- [Required action] Omit all pictures, then retype exactly the lines from the one that contains "someone is holding" through the end of the listing.

*** Opening Given data ***

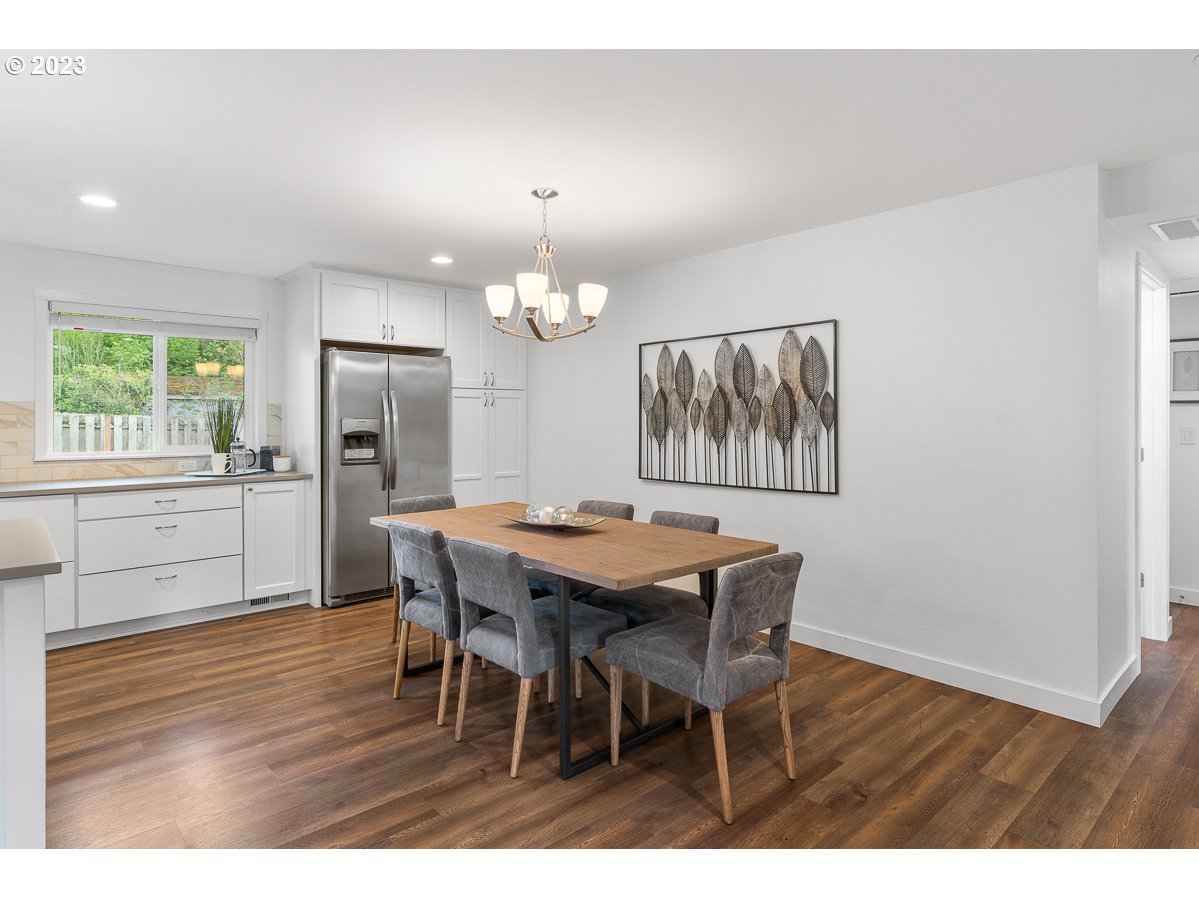 14720 Southwest Glenbrook Road Beaverton, OR 97007 - Photo 14 of 43 a dining room with wooden floor a chandelier a wooden table and chairs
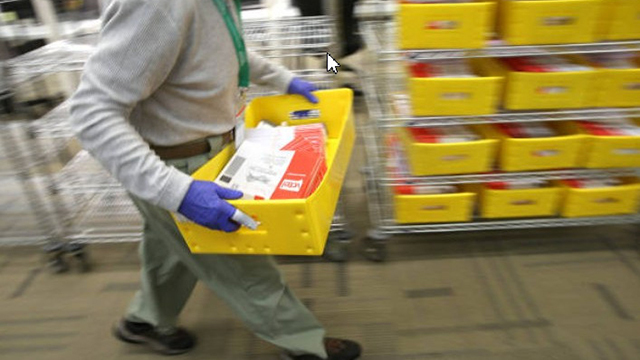 A King County Elections worker carries ballots to be processed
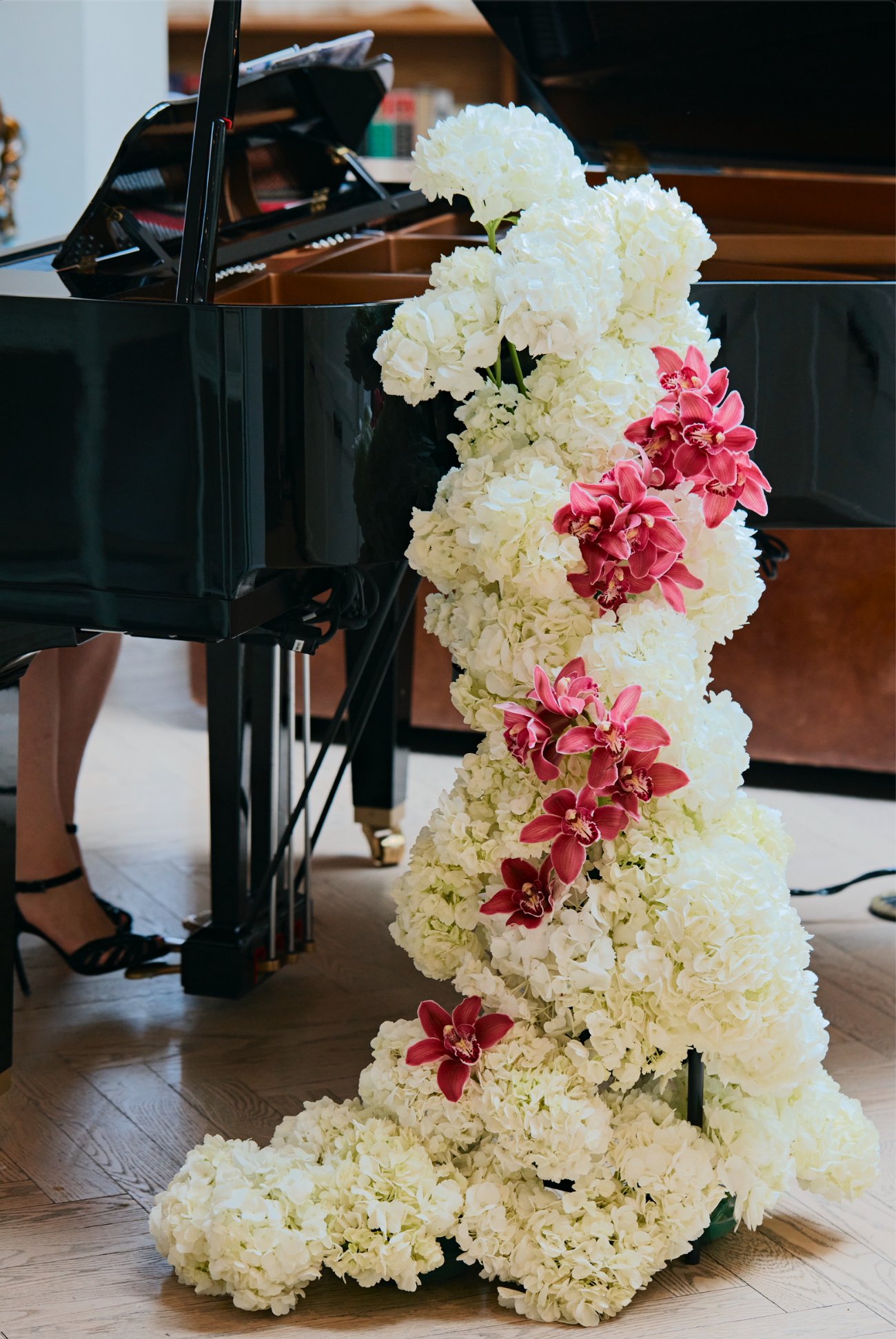 Un piano noir décoré avec un arrangement de fleurs blanches et roses, comprenant des hydrangeas et des orchids, dans un intérieur probable d'une salle de concert ou d'un lieu de performance.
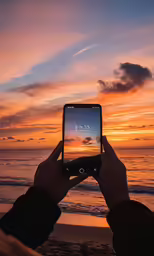 someone is holding their phone up to take a photo of the beach
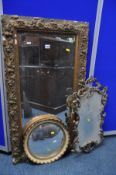 A DISTRESSED GILT GESSO FRENCH BEVELLED EDGE WALL MIRROR, 59cm x 108cm, a foliate framed wall mirror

*** Closing Given data ***

- [Answer space]
 someone is holding their phone up to take a photo of the beach
 A DISTRESSED GILT GESSO FRENCH BEVELLED EDGE WALL MIRROR, 59cm x 108cm, a foliate framed wall mirror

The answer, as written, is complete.